**Work task**
Your task is to extract every entry that follows word for word while excluding the pictures.

**Recorded data**
┌────────
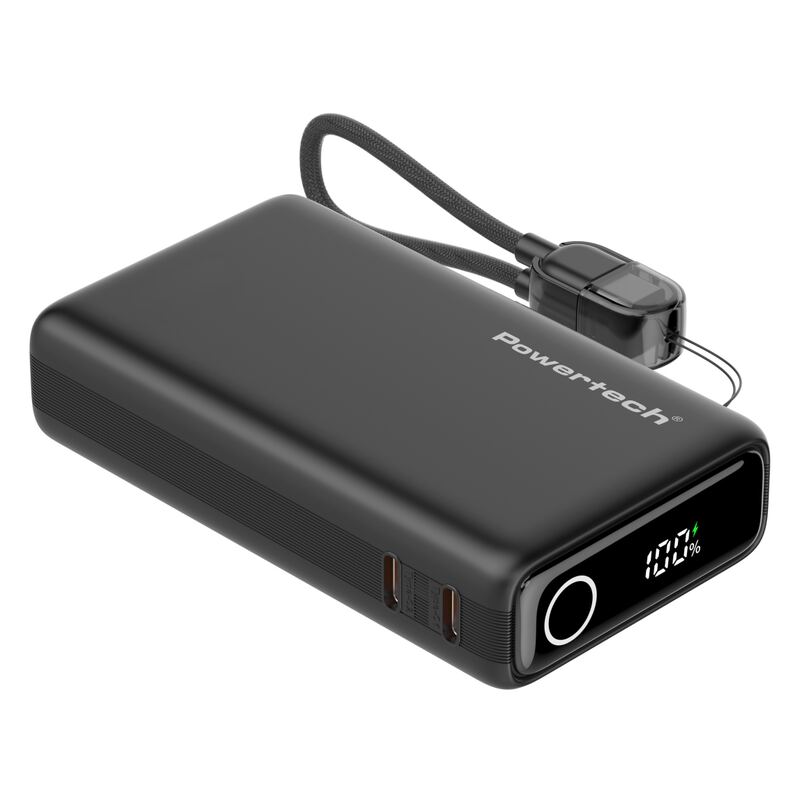 Powertech power bank PT-1641 με οθόνη & καλώδιο, 10000mAh, 22.5W, μαύρο – φωτογραφία 3
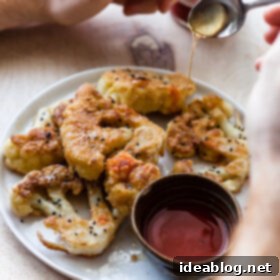 Crispy Cauliflower Steaks with Sweet Heat Glaze 6 Fried Cauliflower Steaks with Honey and Hot Sauce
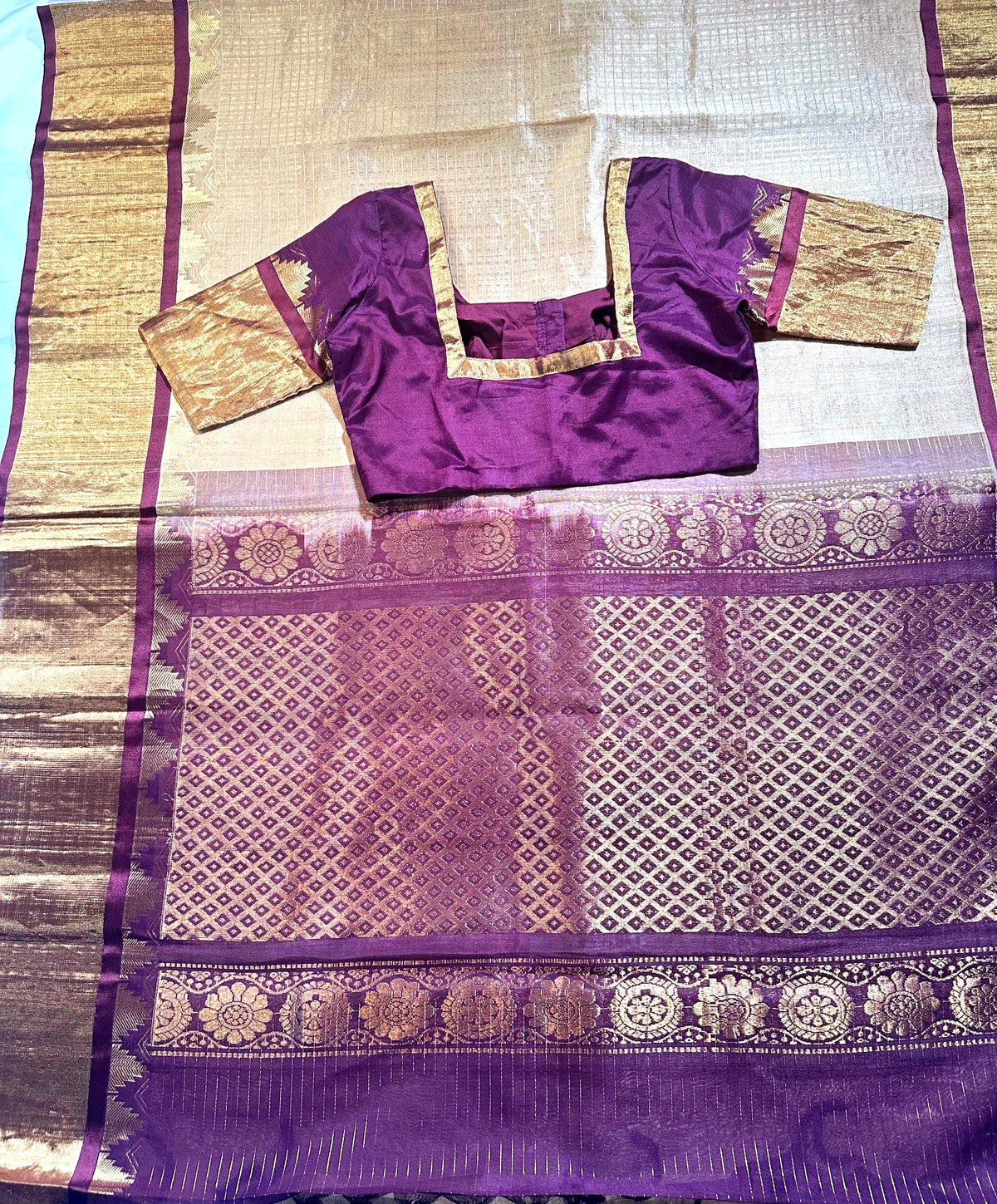 Handloom Traditional Pure Kuppadam Pattu Saree with Stitched Blouse. Partywear,  Wedding Wear Saree, Shipping from USA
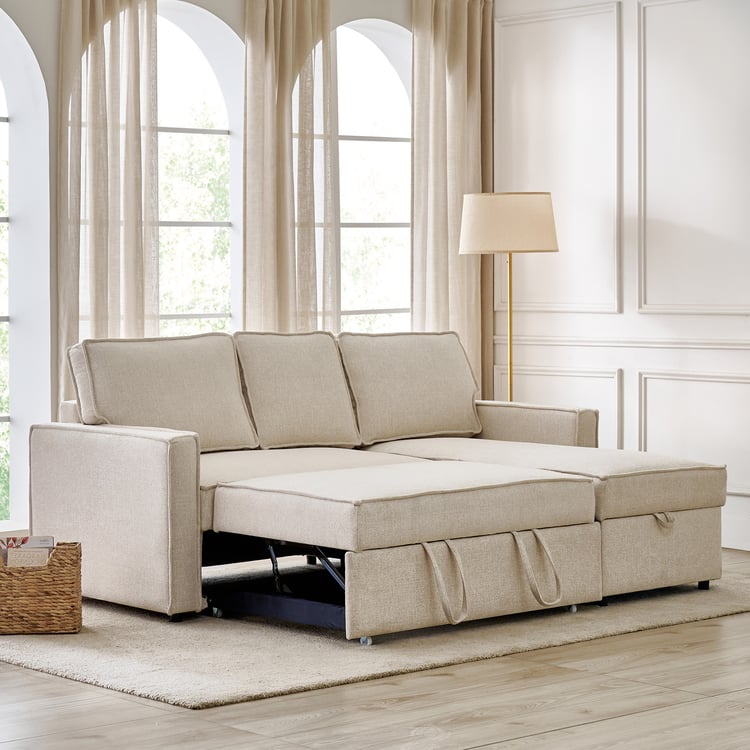 Benson Fabric 3-Seater Sofa Bed with Storage - Beige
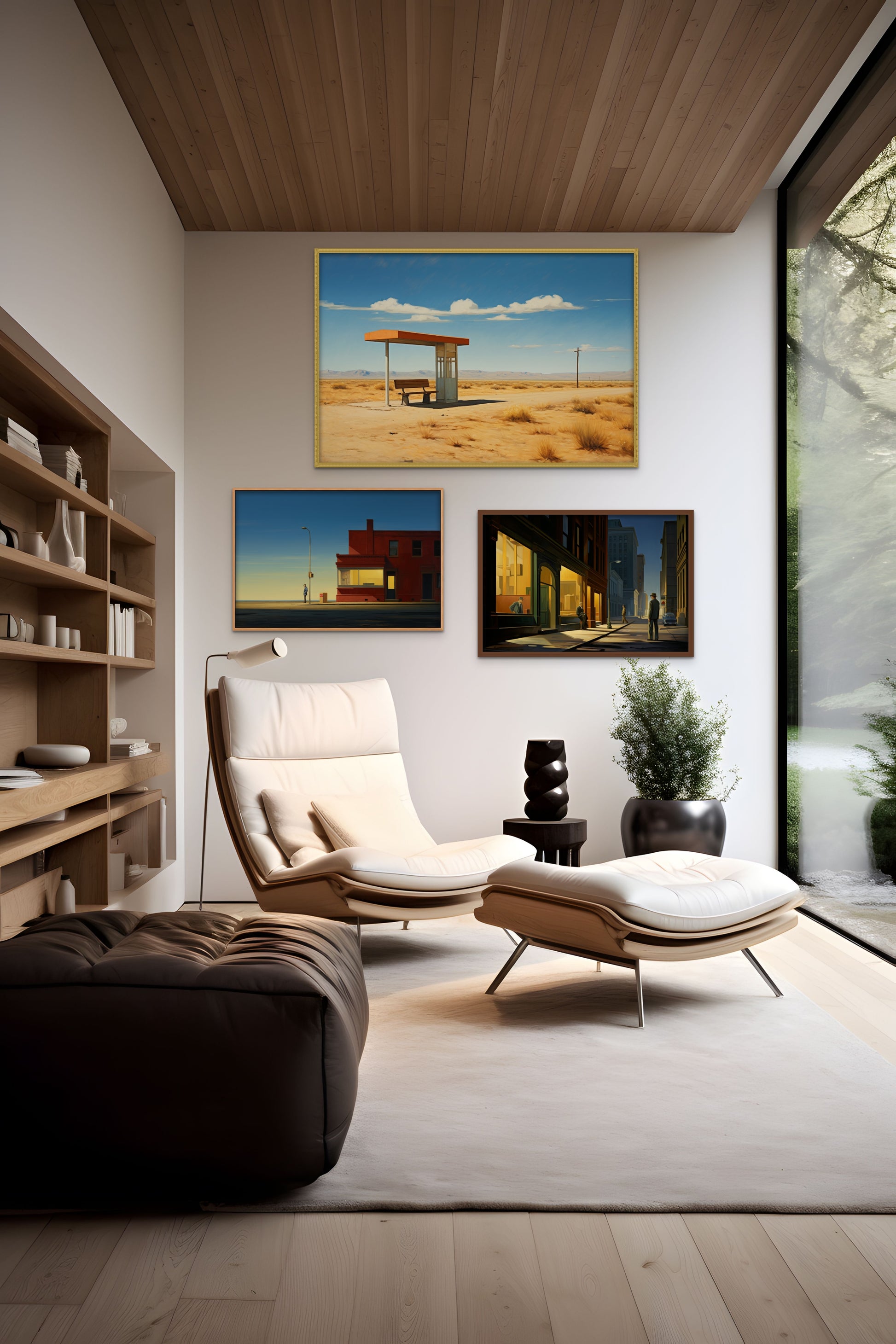 A modern living room with a chair, ottoman, artwork on walls, and a snowy view outside.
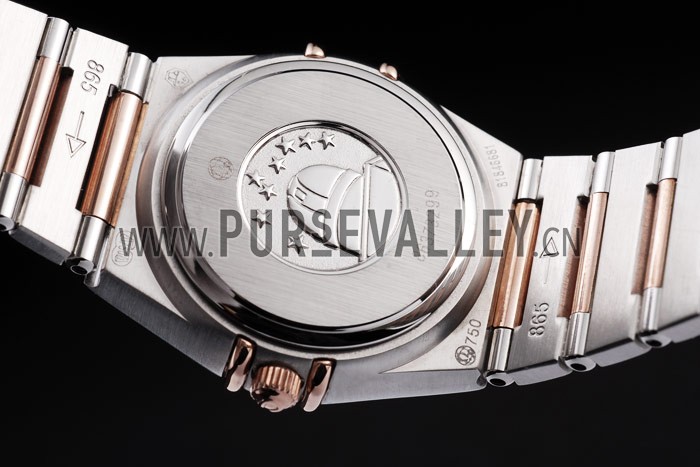 Omega Swiss Constellation Jewelry Rose Gold Case Black Dial 98114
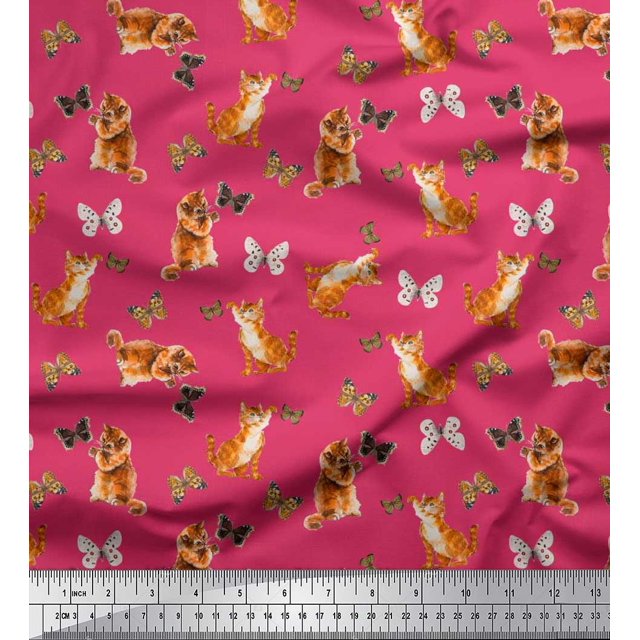 Soimoi Pink Moss Georgette Fabric Insect & Cat Animal Print Fabric by The Yard 42 Inch Wide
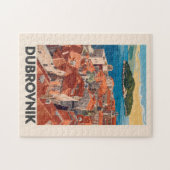 Dubrovnik Kroatien Illustration Reisen Vintag Puzzle (Horizontal)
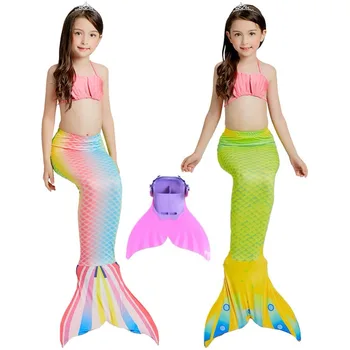 

4pcs Girls Mermaid Tail Swimmable Bikini Set, 2018 mermaid tails with Monofin Swimming cosplay Costumes Children Swimmable Suit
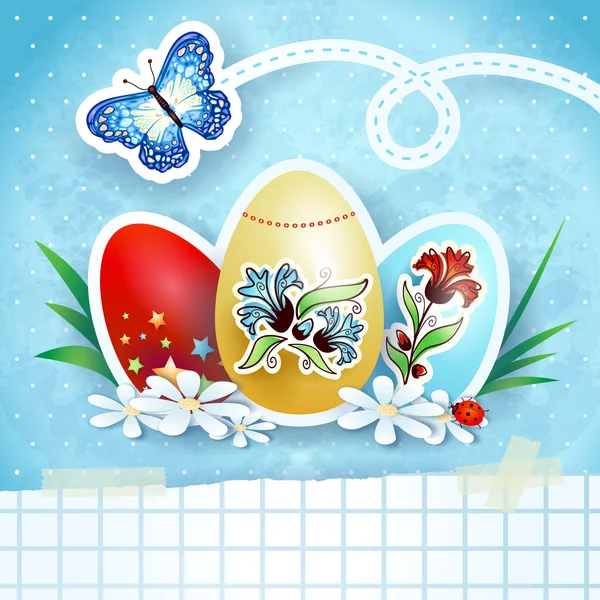 Easter background with eggs — Stock Vector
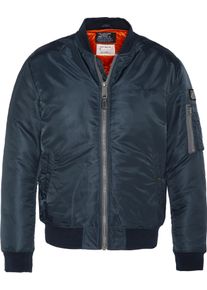 Schott NYC Herren Bomberjacke "AIRFORCERS MA-1", blau, Basic, Gr. S, unifarben mit Farbeinsätzen, Softshell, Obermaterial: 100% Nylon, Jacken,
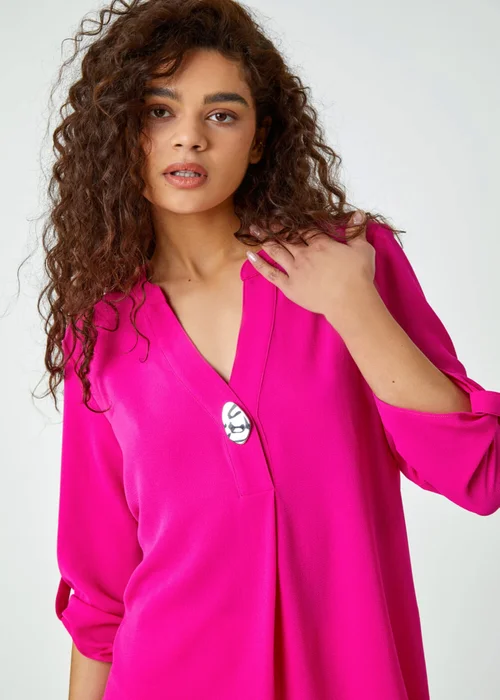 Roman Fuchsia V-Neck Longline Button Detail Tunic Top - Size 16 Image 2
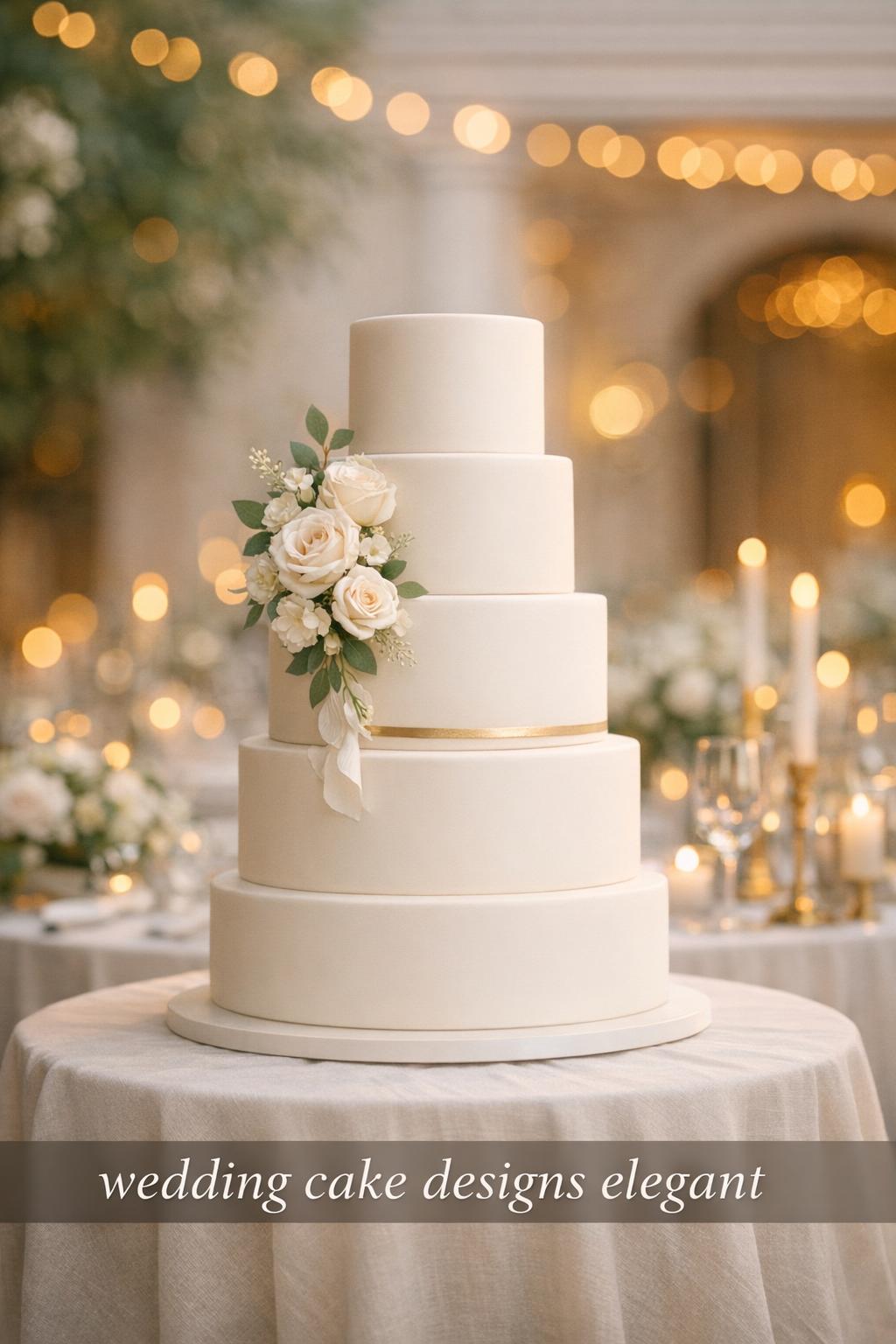 Elegant couture wedding cake on linen table with candlelit reception bokeh, wedding cake designs elegant text overlay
└────────
**Response to the exercise**
 Powertech power bank PT-1641 με οθόνη & καλώδιο, 10000mAh, 22.5W, μαύρο – φωτογραφία 3
 Crispy Cauliflower Steaks with Sweet Heat Glaze 6 Fried Cauliflower Steaks with Honey and Hot Sauce
 Handloom Traditional Pure Kuppadam Pattu Saree with Stitched Blouse. Partywear,  Wedding Wear Saree, Shipping from USA
 Benson Fabric 3-Seater Sofa Bed with Storage - Beige
 A modern living room with a chair, ottoman, artwork on walls, and a snowy view outside.
 Omega Swiss Constellation Jewelry Rose Gold Case Black Dial 98114
 Soimoi Pink Moss Georgette Fabric Insect & Cat Animal Print Fabric by The Yard 42 Inch Wide
 Dubrovnik Kroatien Illustration Reisen Vintag Puzzle (Horizontal)

4pcs Girls Mermaid Tail Swimmable Bikini Set, 2018 mermaid tails with Monofin Swimming cosplay Costumes Children Swimmable Suit
 Easter background with eggs — Stock Vector
 Schott NYC Herren Bomberjacke "AIRFORCERS MA-1", blau, Basic, Gr. S, unifarben mit Farbeinsätzen, Softshell, Obermaterial: 100% Nylon, Jacken,
 Roman Fuchsia V-Neck Longline Button Detail Tunic Top - Size 16 Image 2
 Elegant couture wedding cake on linen table with candlelit reception bokeh, wedding cake designs elegant text overlay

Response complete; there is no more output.